It appears, however, that programmes tend to require stronger capacities than classic projects, notably in the areas of management, negotiation, coordination, planning and outreach. These capacities are often inadequate in UNDP programme countries. It is therefore imperative to find ways to conduct a capacity/needs assessment in a non-threatening manner. Participatory mechanisms such as national stakeholder workshops and the sustainable livelihood methodology at the community level could probably help in this regard. The list of key considerations explained in detail in the latest NEX guidelines adequately captures technical, administrative, financial, planning and management capacities. It should be further expanded to include capacity indicators for coordination and outreach.
The capacities in UNDP country offices were found to be inappropriate in three of the countries visited. The evaluation team's observations tend to support the assertion made in one country that UNDP country office staff adequately handle classical tasks such as financial and procedural support but that they are not so well equipped with regard to substantive matters.
It should be stressed that the implementation of the programme approach often places a heavy burden on UNDP country offices because it involves more complex procedures and accounting rules. In addition, by emphasizing strategic thinking and coordination, the approach is consistent with the new substantive role of UNDP in development cooperation, but any change in role implies a commensurate change in capacities to which the country offices must respond.
IDENTIFICATION, DESIGN AND IMPLEMENTATION OF PROGRAMMES
Step three in applying the approach consists of the identification of UNDP support, which usually focuses on capacity-building that can go beyond training and skills to include other types of technical cooperation activities.
A quick look at the nature of the programmes in the countries sampled reveals that the great majority were dedicated to capacity- and institution-building in various areas with sustainable human development (SHD) as the ultimate aim.
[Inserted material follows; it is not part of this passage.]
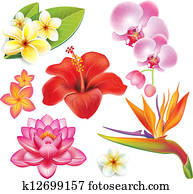 Set of tropical flowers Set of tropical flowers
Examples include:
Bolivia - assistance in health and education and water drainage services both at the central and local government levels; assistance to the Civil Service Office in institution-building at the central level;
Ethiopia - focus on regional states in support of a wide array of SHD-related themes, community-level capacity-building to support the Social Development Fund and capacity development for public policy and State reforms;
Ghana - capacity development for public policy and State reforms together with poverty reduction and support to the private sector;
Lebanon - improving basic education and health care, including the provision of better drinking water, with a focus on the poverty-stricken Baalbek area;
Madagascar - poverty alleviation, environmental protection, the improvement of planning and management capacity, and assistance to micro and small enterprises;
Mauritius - policy development and the improvement of local administration;
Sudan - assistance to micro and small enterprises;
Turkey - Habitat and environmental protection programmes at the central level as well as assistance to the southern Anatolia development, a regional development project funded from multiple sources.
While the third step has been properly taken by the country offices, there is considerable variation in the execution of the fourth step, implementation. This includes the development of the advisory note and the PSD on the part of UNDP and the CSN on the part of the Government and monitoring and evaluation.
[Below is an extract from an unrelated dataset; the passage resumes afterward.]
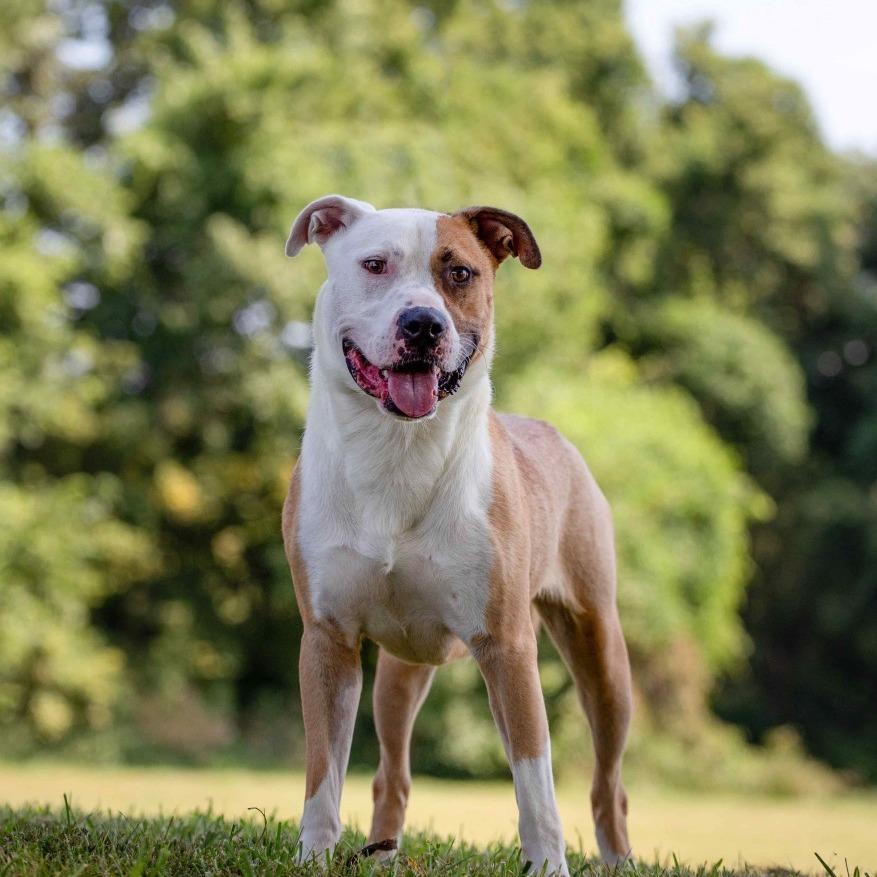 Rex, a Adoptable Pit Bull Terrier in Henderson, KY image 2/5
In all the countries of the sample, UNDP prepared the advisory note, but the response to it varied from country to country. This stems from the fact that a bureaucratic mechanism and the long-term strategy and policy culture are not developed to the same extent in all countries; for example, Bolivia, Madagascar and Turkey are more developed in this respect (box 3). Another reason for variability is that some countries welcomed the CSN process while others viewed it as unnecessary (China, India, Peru).
PSDs appear to have been prepared in all countries visited, even in Peru, although in that country, it was an internal document. However, a number of countries have forgone the preparation of the PSIA, considering that it was too time-consuming and that its utility was marginal at least at the beginning of the application of the programme approach. It should be noted that the PSIA was abolished in 1997.
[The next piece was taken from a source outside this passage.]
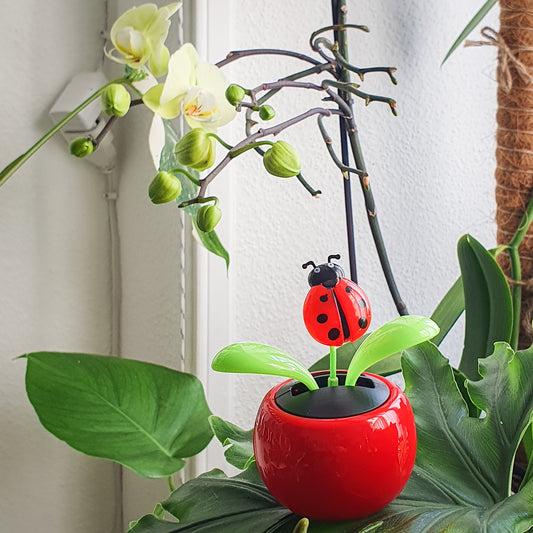 Coccinelle dansante solaire rouge et vase rouge.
From its analysis, the evaluation team concluded that scenario two of the instructions in the user's guide has prevailed in the implementation of the programme approach, i.e., in the absence of a formalized national programme framework, (a) securing the Government's support, (b) using the existing policy documents or CSN either to help the Government to design national programme frameworks or as a substitute for them, (c) not necessarily assessing national capacities but certainly assessing the needs within the guiding principle of the UNDP position on SHD, and (d) preparing PSDs.
From the analyses contained in the country reports, the evaluators also concluded that in countries where the programme approach is applied to the full extent (i.e., all countries except China, India and Peru), country offices completed steps three and four.
"Pursuant to Resolution 47-119 of the General Assembly on the Triennial Policy Review of the operational activities of United Nations Development System adopted on 22 December 1992...and in accordance with par.9 of the Resolution which called for the formulation of Country Strategy Notes (CSN) by interested governments, the Turkish Government formally agreed to formulate its CSN...This process lasted 18 months... The CSN issued in January 1995 (is) a comprehensive frame of reference for the United nations Technical Cooperation for Development for the next five years. This Note was preapred by the General Directorate for Special Sectors and Coordination under the coordination of the State Planning Organization, which followed a process of consultations with multiple national agencies, technical ministries, NGOs, and the Ministry of Foreign Affairs... Consultations were widely held with the UN system agencies through the coordination of the UN Resident Coordinator... The primary objective of the Country Strategy Note is to reflect unified and integrated operational acitvities by the System, contributing to the achievement of national development priority goals of the Government of Turkey, leading to balanced socio-economic and sustainable development..."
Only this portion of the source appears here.